Diplomatic links with Ukraine started with Australia's recognition of Ukraine’s Independence in December 1991.

Official links with Ukraine began on 16 January 2000 with the arrival in Australia of the first Consul to Ukraine, Vadym Prystaiko, and Consul-General Vasyl Korzachenko, who arrived in May of that year.  Prior to this, the late Zina Botte had been appointed the Honorary Consul in Melbourne, and following her death, her husband Larry assumed the role.

On 14 April 2003 the General Consulate of Ukraine (in Sydney) became an Embassy (in Canberra).  The Consuls of Ukraine and former Ambassador Oleksandr Mishchenko and currently Valentyn Adomaytis have worked, and continue to work, closely with the Australian Federation of Ukrainian Organisations.

During these 65 years of settlement in this country, Ukrainians in Australia have accomplished a great deal for Ukraine and have achieved a worthy place in multicultural Australia.  The community has strong potential to grow and continue be a strong contributor to individual and family life and to the broader Australian community.  Are we up to the challenge?

Political Activity

The Ukrainian community has been politically active over the past 65 years.  During the period of Soviet occupation the Diaspora kept the world informed of the national and human rights abuses in Ukraine.  Committees, rallies, demonstrations and the lobbying of Government were well organised and held regularly.

The Holodomor (artificial famine in Ukraine) in 1932-1933, the demand for national rights, and the support of political prisoners were but some of the issues.

In 1991 local communities held rallies asking the Australian Government to recognise Ukraine's Independence and to establish diplomatic ties, which it did.

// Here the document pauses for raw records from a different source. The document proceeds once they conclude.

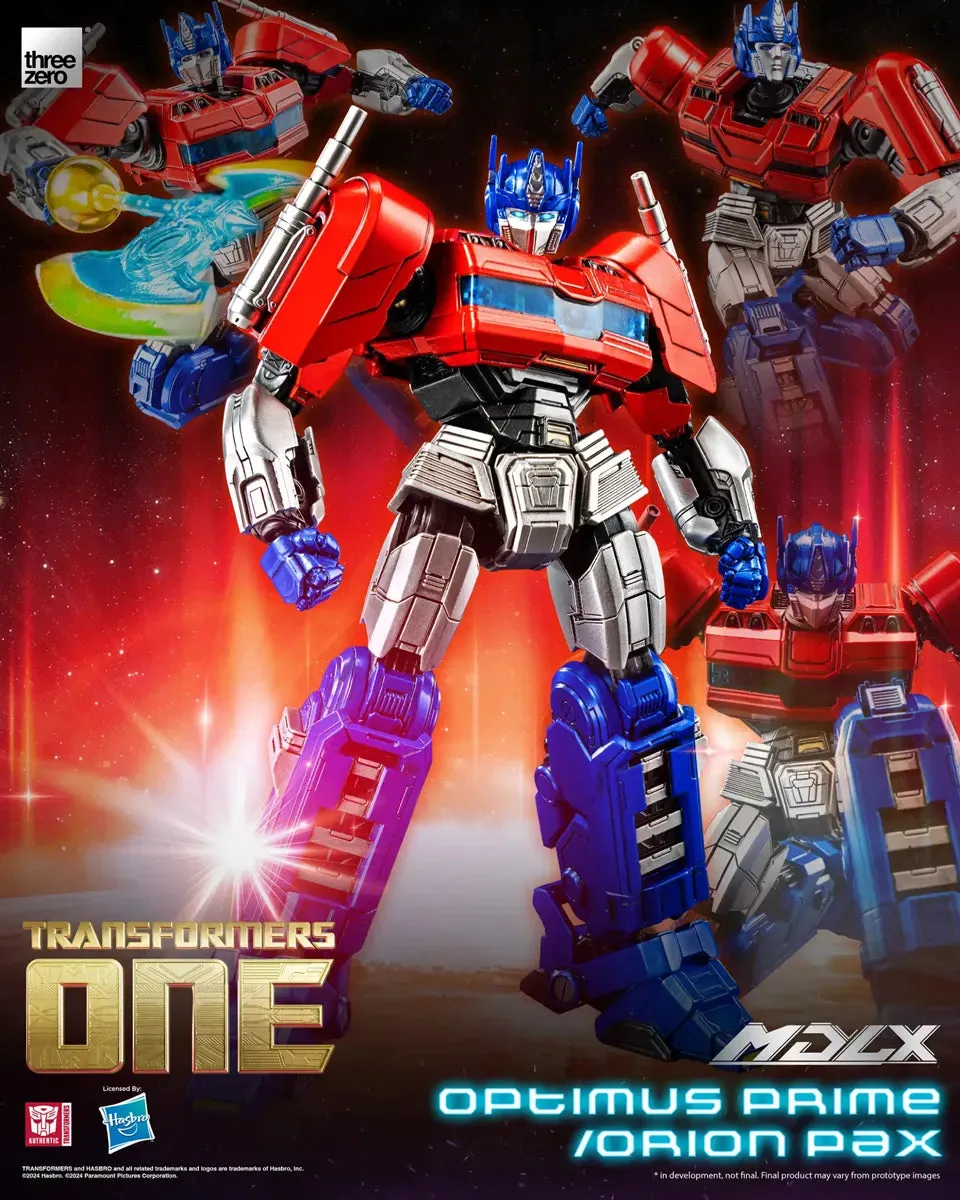 Transformers One - Optimus Prime/Orion Pax MDLX Figure - Image 22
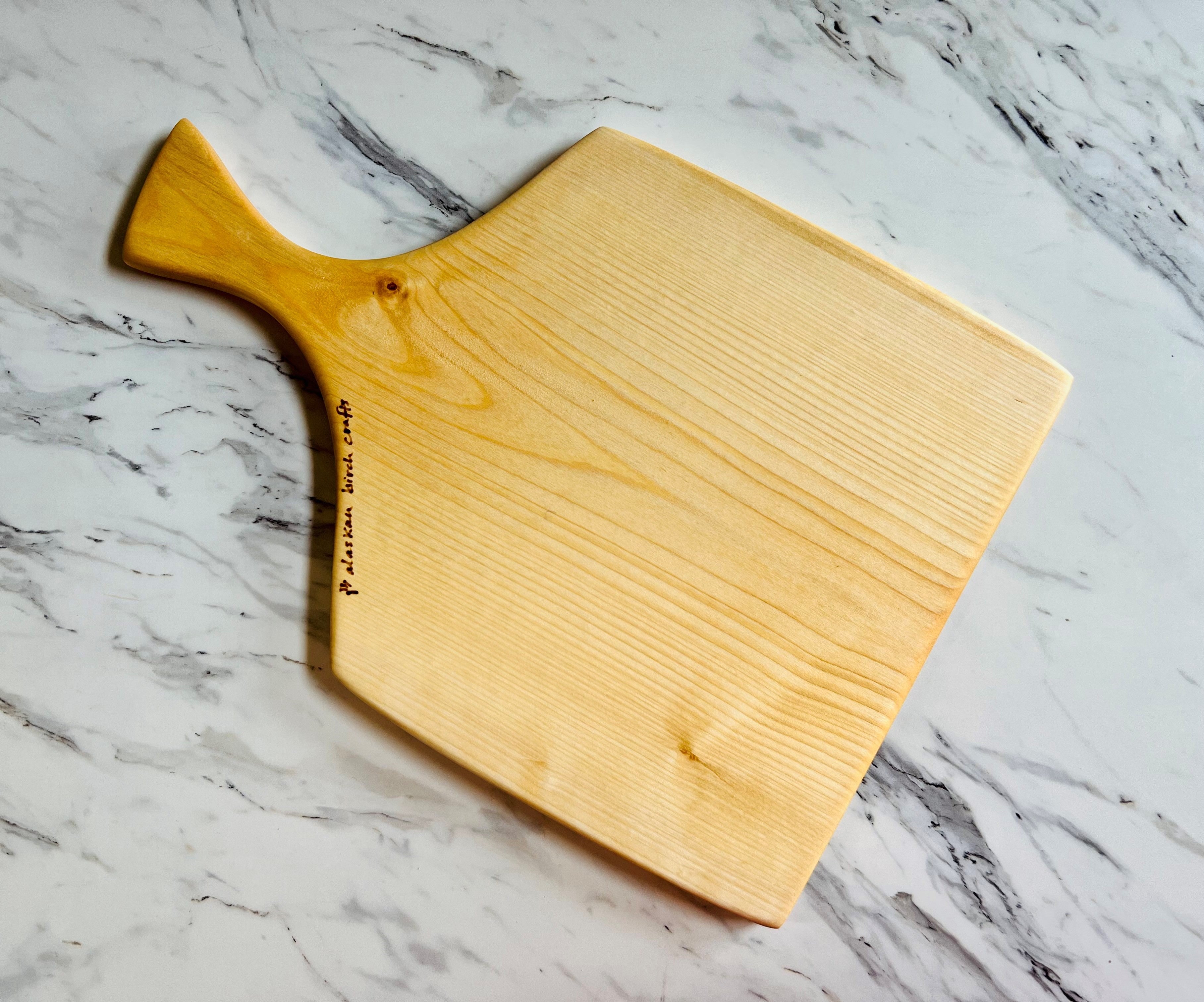 Alaskan Birch Crafts - Cutting Board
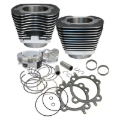 Picture of S&S Cycle 99-06 BT 97in Big Bore Cylinder Kit - Wrinkle Black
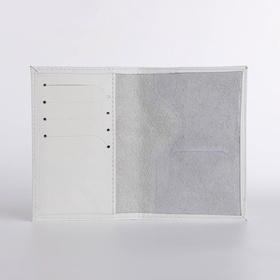 Обложка для паспорта, цвет белый  (артикул 7159683)  большой выбор товаров оптом и в розницу по низким ценам с доставкой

In 2004 the Orange Revolution brought Ukraine onto the world stage.  In 2008 the International Remembrance Torch Relay to commemorate the 75th Anniversary of the Holodomor commenced its journey from Canberra from where it travelled to 33 countries.  Awareness of the Holodomor was raised worldwide.

Transoceanic Activity

Although Australia is far from other continents where Ukrainians are settled, representatives of the Ukrainian community in Australia took part, and continue to take part, in Congresses and the World Congress of Ukraine, political groups, youth organisations and festivals.


Much has been achieved over these 65 years of settlement in Australia and Ukrainians have attained a worthy place in multicultural Australia.  We have made Mother Ukraine proud and will continue our activities, as there are many of those who are ready to protect and further advance the heritage of our forebears.

Even though the pioneers of the first 65 years have passed on, they laid a solid foundation for church, community and political life.  Already a number of times we have renewed the leadership of our structures.  The call to current and future leaders is a responsibility to maintain the Ukrainian spirit, to love and take pride in one’s own culture, and to continue to be encouraged by the respect in which we are held by the Australian community.

As we enter the next 65 years, the challenge before us is will we, as the current custodians of our forebears efforts and achievements, be as committed and supportive in ensuring that the Ukrainian spirit lives on and flourishes?

We still have an important role to play in the future development of Australia as a democratic, egalitarian, multicultural society that can hold its head high in the world, be an example to others on how different communities work and live peacefully side by side.  We will never defer from our duty to the wider Australian community”.

Many happy returns to the Ukrainian Community in Australia!!!